All intermediate representations are defined as JSON to reduce the effort of implementing custom parsers.

Source Message

An IDE sends a source message to the language services upon a change to the source code. The format of the source message is fairly straightforward:

SourceMessage ::= {
  name: String,
  logical_name?: String,
  version: Int,
  language: String,
  content: String
}

Each source message contains a name that uniquely identifies the source-code artifact, a unique ID version that identifies the current version of the source artifact, the language used in the source artifact language, and the content of the source artifact content. The Monto plugin is responsible for using a unique name and a fresh version number in every source message it sends. Optionally, logical_name can be set and refered to by services. For example, in Java the logical_name field is set to the qualified class name.

Example

{
  "name": "myproject/nl/tudelft/hello/Hello.java",
  "logical_name": "nl.tudelft.hello.Hello",
  "version": 3,
  "language": "java",
  "content": "public class Hello {\n String world = ..."
}

Product Message

Services send their result encoded in JSON as product messages back to the broker. Product messages have the following format:

ProductMessage ::= {
  name: String,
  logical_name?: String,
  version: Int,
  product: String,
  content: JSON
}

The name and version field of a product message link it to a specific version of a source-code artifact the product was derived from. The field product describes the sort of product that is contained in this message and the content field contains the actual pay-load of the service.

Example

{
  "name": "myproject/nl/tudelft/hello/Hello.java",
  "logical_name": "nl.tudelft.hello.Hello",
  "version": 3,
  "language": "java",
  "product": "highlighting",
  "content": [
    { "offset": 0, "length": 12,
      "font": { "color": { "red": 3, "green": 101, "blue": 192 } }
    }
  ]
}

Syntax Highlighting

Syntax highlighting selects different fonts for different parts of a source file. Typically, syntax highlighting associates a font (family, color, weight, etc.) with specific syntactic or semantic classes of code elements featured in the edited language. The IDE then displays each code fragments in the selected font.

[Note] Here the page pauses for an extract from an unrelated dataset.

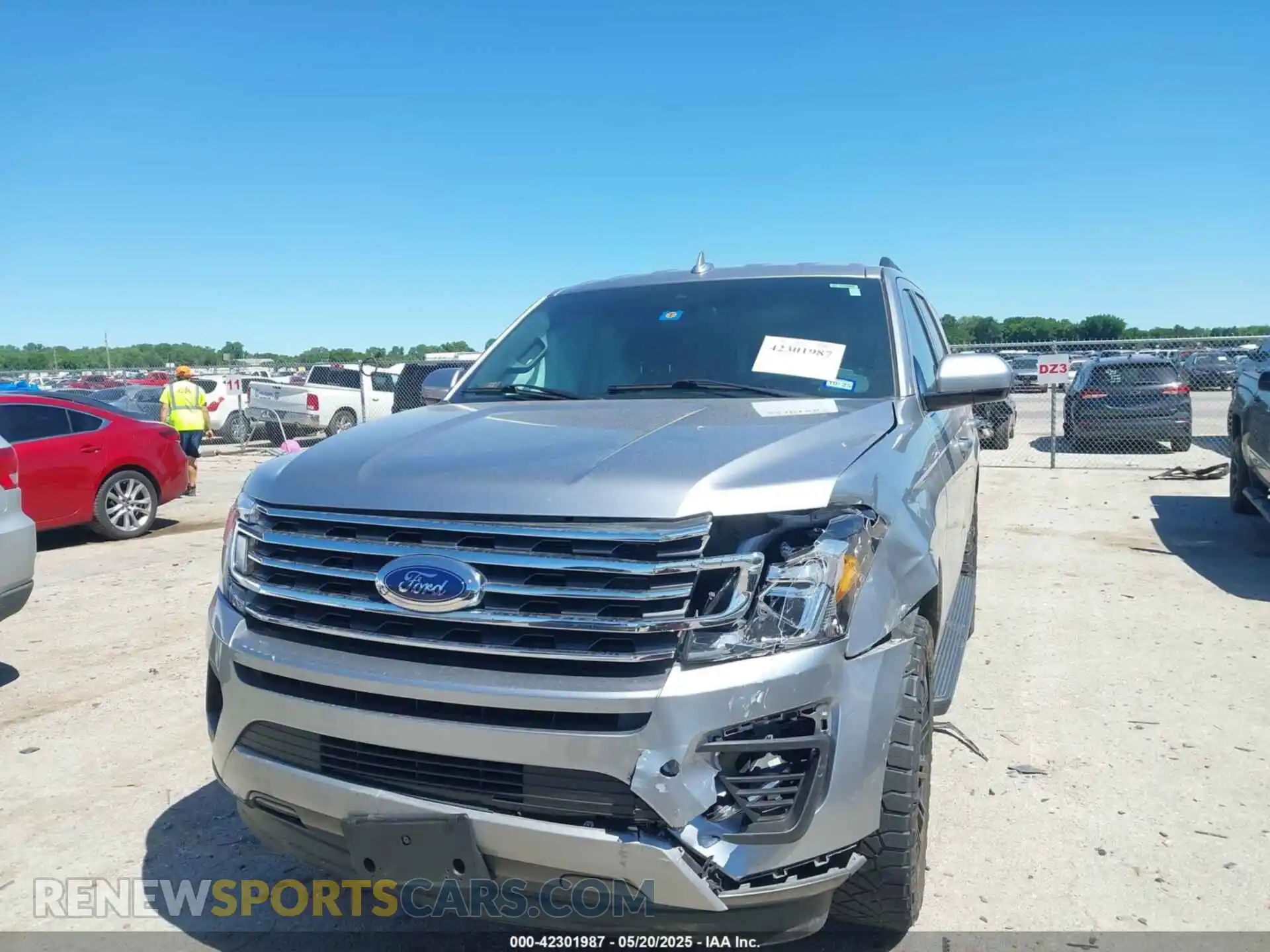 2 Photograph of a damaged car 1FMJU1HT4MEA32953 FORD EXPEDITION 2021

For Monto IR, we must abstract all language-specific and IDE-specific aspects of syntax highlighting. In particular, Monto IR cannot refer to language-specific classes of code elements. Instead, we opt for a low-level description of syntax highlighting using messages of the following format:

Highlighting ::= Token*

Token ::= { offset: Int, length: Int, font: Font }

Font ::= {
  color?: Color, bgcolor?: Color,
  family?: String, size?: Int,
  style?: String,  variant?: String,
  weight?: String
}

Color ::= { red: Int, green: Int, blue: Int }

Syntax highlighting is described as a sequence of non-overlapping highlighted tokens. Each token is identified by its character offset in the source document and the number of characters it includes. The font used for highlighting through attributes identical to those in CSS.

Not all language services require the full flexibility of the highlighting IR. However, services are free to confine themselves to use only a subset of the font attributes. Conversely, not all IDEs support the full flexibility of our highlighting IR. For example, many IDEs do not support multiple font families within a single text editor. However, IDEs are free to ignore those parts of the IR that they cannot render. Finally, the coloring of syntax sometimes is IDE-specific, for example, because the IDE uses a dark theme for its GUI components.

Example

[
  {
    "offset": 0, "length": 12,
    "font": {
      "style": "bold",
      "color": { "red": 3, "green": 101, "blue": 192 }
    }
  },
  {
    "offset": 13, "length": 24,
    "font": {
      "color": { "red": 0, "green": 0, "blue": 0 }
    }
  },
  {
    "offset": 38, "length": 7,
    "font": {
      "style": "italic",
      "color": { "red": 0, "green": 136, "blue": 43 }
    }
  },
  ...
]

Result:

Abstract Syntax Tree (AST)

An AST represents the syntactic structure of a program. While an AST is not directly useful for visualization in an IDE, it serves as an intermediate result that can be shared by services: A parser service can produce the AST and other services can require the AST as input. To support this scenario, we designed the following Monto IR for representing ASTs:

AST ::= {
  name: String,
  offset: Int,
  length: Int,
  children: AST*
}

The AST representation mostly corresponds to s-expressions: AST nodes feature a name and a list of children. In addition, AST nodes provide a pointer into the source document, encoded through offset and length. This way, other services can extract the original text from the source document when needed.

Example

{
  "name": "CompilationUnit", "offset": 0, "length": 150,
  "children": [
    {
      "name": "ClassDeclaration", "offset": 0, "length": 149,
      "children": [
        { "name": "Modifiers", "offset": 0, "length": 6 },
        { "name": "Identifier", "offset": 13, "length": 5 },
        { "name": "FieldDeclaration", "offset": 23, "length": 23 },
        { "name": "MethodDeclaration", "offset": 49, "length": 98 }
      ]
    }
  ]
}

Outline Views

An outline view provides a structural overview of a source document, typically in a hierarchical form. For example, an outline for Java shows type declarations, fields, and methods. IDEs often display a representative icon in front of each outline item to illustrate the kind of the item. Moreover, when the user clicks on an outline item, IDEs often move the cursor to the definition site of the item in the source document.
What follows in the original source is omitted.